Das Kontrastgefühl zur Scham ist die Ehre – ein vorbelastetes und etwas aus der Mode gekommenes Gefühl. Ich verstehe darunter das soziale und symbolische Kapital eines Menschen6, sein Kapital an Ansehen und Anerkennung, das in der Schamsituation auf dem Spiel steht.7 »Ehre«, so treffend Notger Slenczka, ist »ein Bewusstsein des Anerkanntseins in einem sozialen Gefüge, ein ›Sich wissen als anerkannt‹.«8 In der Schamsituation droht eine galoppierende Inflation dieses Kapitals.
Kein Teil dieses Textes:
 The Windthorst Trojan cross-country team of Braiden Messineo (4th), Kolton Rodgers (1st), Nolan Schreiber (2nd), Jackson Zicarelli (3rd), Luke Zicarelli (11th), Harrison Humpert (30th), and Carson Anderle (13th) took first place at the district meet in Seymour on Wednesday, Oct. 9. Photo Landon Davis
Wenn ich Scham und Ehre verbinde, dann greife ich die in der Antike vorgeschlagene Zuordnung wieder auf und setze mich betont von der bei Augustin und Thomas von Aquin vollzogenen Verjochung von Scham und Schuld, Scham und Sünde ab.9 Präzise in dieser Umwidmung verorte ich den Sündenfall der schuldfixierten Theologie. Biblische Lektüren legen eine andere Sicht der Dinge nahe.
»Die Ethik ist eine Optik«10 – eine spezifische Sichtweise auf die Welt. Damit wird die Frage drängend, durch welche Stilmittel und welche Pragmatik weisheitliche Literatur diese Sicht für Leserinnen und Leser erschließt und bis in den Habitus hinein prägt. Wer den Inszenierungskünsten für die neue Weltsicht auf die Spur kommen will, wer also die Frage beantworten will, wie Glaube entsteht, muss die poetischen, sprich: produktionsästhetischen Kniffe der biblischen Schriftsteller untersuchen. Nichts weniger als eine Poetik des Geistes der Weisheit (oder des Heiligen Geistes) steht damit künftig auf der Agenda – ein mächtiges Projekt für eine interdisziplinäre Forschungsgemeinschaft.
Immer wieder greife ich in meinen Essays auf die biblische Literatur und nachbiblische Literatur zurück, um der Struktur der Scham und ihren möglichen Konkretionen näherzukommen. Ulrich Greiner, ehemals Feuilleton-Redakteur der ZEIT, hat eine beeindruckende kulturwissenschaftliche Studie über die Scham vorgelegt und sehr zu Recht die Literatur gefeiert: »Die Literatur ist ein hervorragendes Archiv, das die Wandlungen der Gefühlskultur...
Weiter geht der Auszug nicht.